Przewodniczący Rady Europejskiej Charles Michel wezwał przywódców krajów UE do przyjęcia zobowiązania o zerowym bilansie emisji gazów cieplarnianych jako celu na roku 2050. Polityk chce, aby państwa członkowskie solidarnie zobowiązały się do tego na rozpoczynającym się dziś szczycie wspólnoty.
Najważniejszym tematem szczytu są sprawy klimatyczne. Nowy przewodniczący Rady Europejskiej chce aby za jego kadencji państwa UE przyspieszyły działania na rzecz osiągnięcia celu, który musi zostać zrealizowany, jeśli chcemy uratować ludzkość przed apokalipsą.
„Chcę, abyśmy zgodzili się na zobowiązanie co do tego, aby Unia Europejska stała się neutralna klimatycznie do 2050 r. Byłby to ważny sygnał ze strony Rady Europejskiej, że UE przyjmie globalną rolę lidera w tej kluczowej kwestii. Jestem przekonany, że przejście do neutralności klimatycznej stworzy nowe możliwości wzrostu gospodarczego i rozwoju” – napisał Michel w liście do przywódców.

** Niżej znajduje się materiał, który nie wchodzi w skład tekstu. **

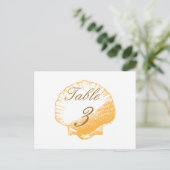 Gold Shells Plage Mariage Table Numéro Cartes (Debout devant)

Polityk nie pozostawił wątpliwości – ciężar reform muszą wziąć na siebie wszystkie kraje wspólnoty. Wspomniał jednak, że potrzebne są odpowiednie ramy i zasoby, aby wytyczyć „uczciwą i zrównoważoną ścieżkę do naszego celu”. Oznacza to – podkreślił – uwzględnienie różnych realiów poszczególnych krajów członkowskich.
Na czym polega neutralność klimatyczna? Chodzi o zredukowanie emisji gazów cieplarnianych do poziomu zera netto, czyli takiej ilości dostarczanej do atmosfery, która równa się ilości pochłanianej (np. poprzez lasy).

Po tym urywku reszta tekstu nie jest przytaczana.